═══ Task data

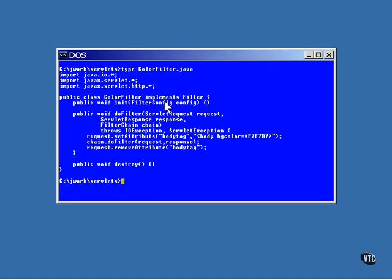You create a filter class by implementing the filter interface. The init method is called first. It's called when the filter object is first being put into service. A filter config object is passed to it. If you're going to need that object, you'll need to save the address of it in a local reference because it doesn't come in again.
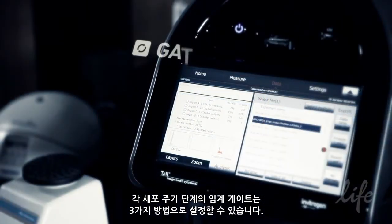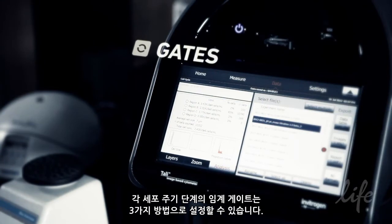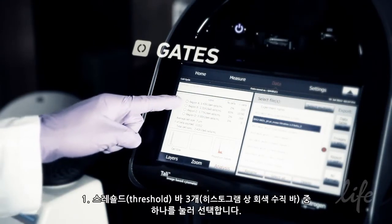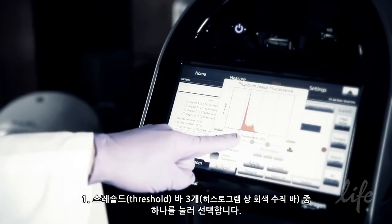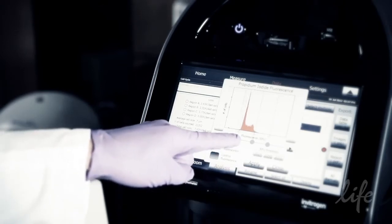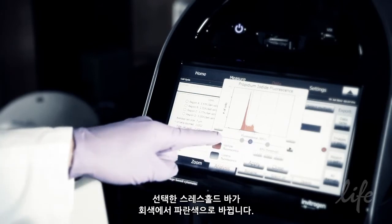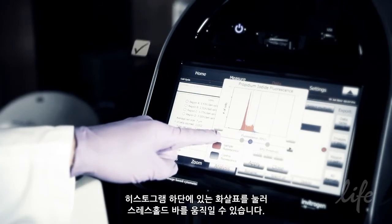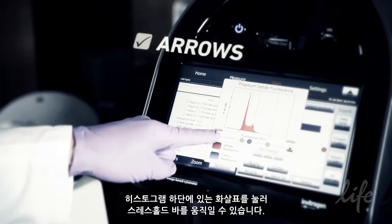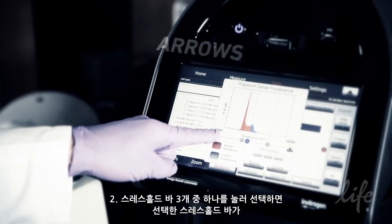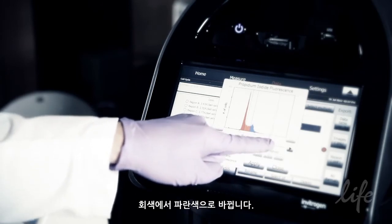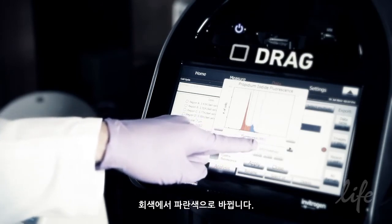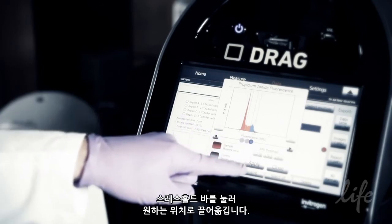The threshold gates for each cell cycle phase can be set in three ways. Method 1: Tap to select one of the three threshold bars — the grey vertical bars on the histogram. The selected threshold bar will turn from grey to blue. Tap on arrows at the bottom of the histogram to move the threshold bar. Method 2: Tap to select one of the three threshold bars; the selected bar will turn from grey to blue, then drag the threshold bar to the desired location.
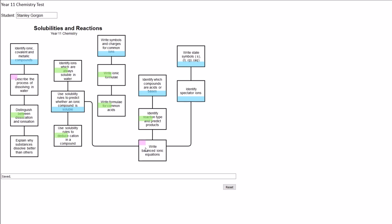I could also choose to leave any of the boxes blank if that criterion is not assessed in this task or if I can't decide what evidence they have shown.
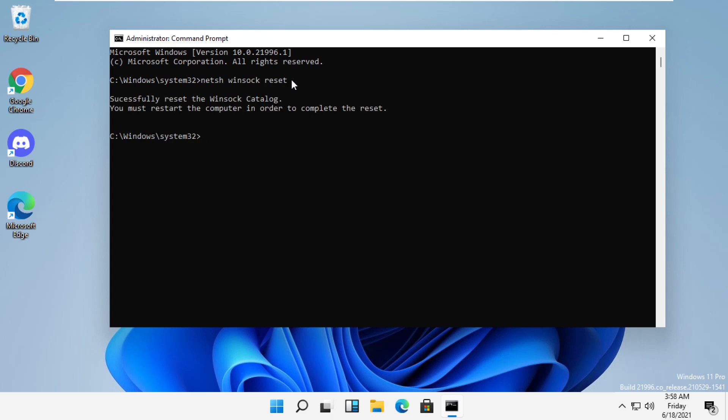Now type netsh int ip reset resetlog.txt and then exit to close the Command Prompt.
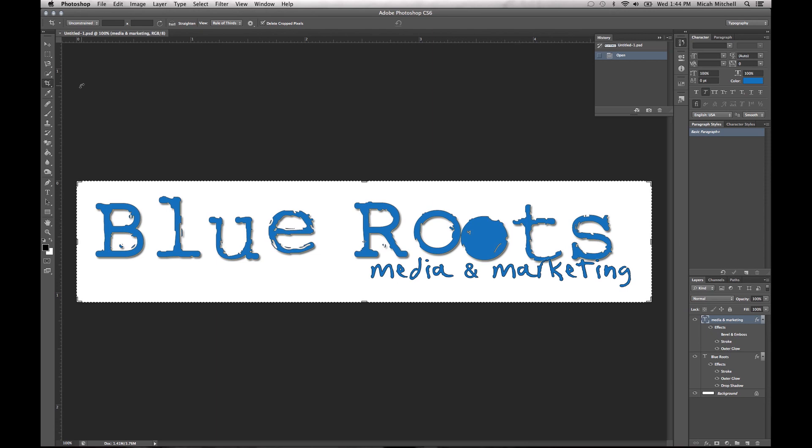Hey guys, this is Micah with Blue Roots Media Marketing, and what we're going to learn to do today is how to save files. I have a new look and new design that I'm about to roll out. So that's with the new intro, and I hope you all like it.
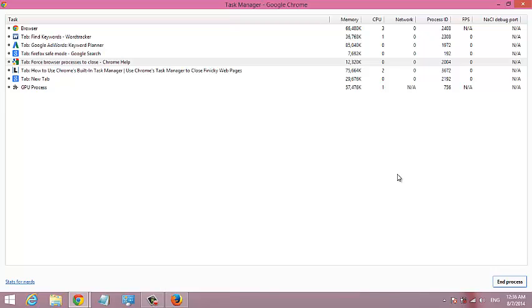That's the Google Chrome Task Manager for you. Thank you for watching. You can ask any questions in the comments box below this video. Don't forget to tell a friend. My name is Chris from WordPredication.org.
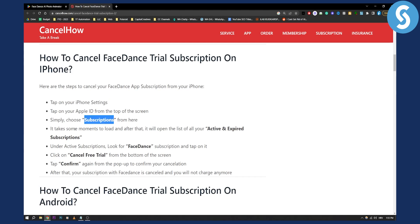This will take a moment to list all of your active and expired subscriptions. Under active subscriptions, you can look for FaceDance subscription and tap on it.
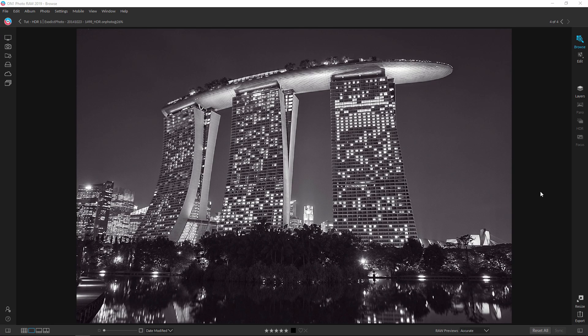Hey everyone, Joe here. In today's On1 Photo Raw tutorial, I'm going to show you how to create your own stunning black and white HDR cityscapes.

══════

Using the data above, print only the lines starting at the one with "I could also" and ending at the one with "That's the Google", exactly as they stand, minus the pictures.

__Exercise result__
I could also choose to leave any of the boxes blank if that criterion is not assessed in this task or if I can't decide what evidence they have shown.
Now type netsh int ip reset resetlog.txt and then exit to close the Command Prompt.
Hey guys, this is Micah with Blue Roots Media Marketing, and what we're going to learn to do today is how to save files. I have a new look and new design that I'm about to roll out. So that's with the new intro, and I hope you all like it.
That's the Google Chrome Task Manager for you. Thank you for watching. You can ask any questions in the comments box below this video. Don't forget to tell a friend. My name is Chris from WordPredication.org.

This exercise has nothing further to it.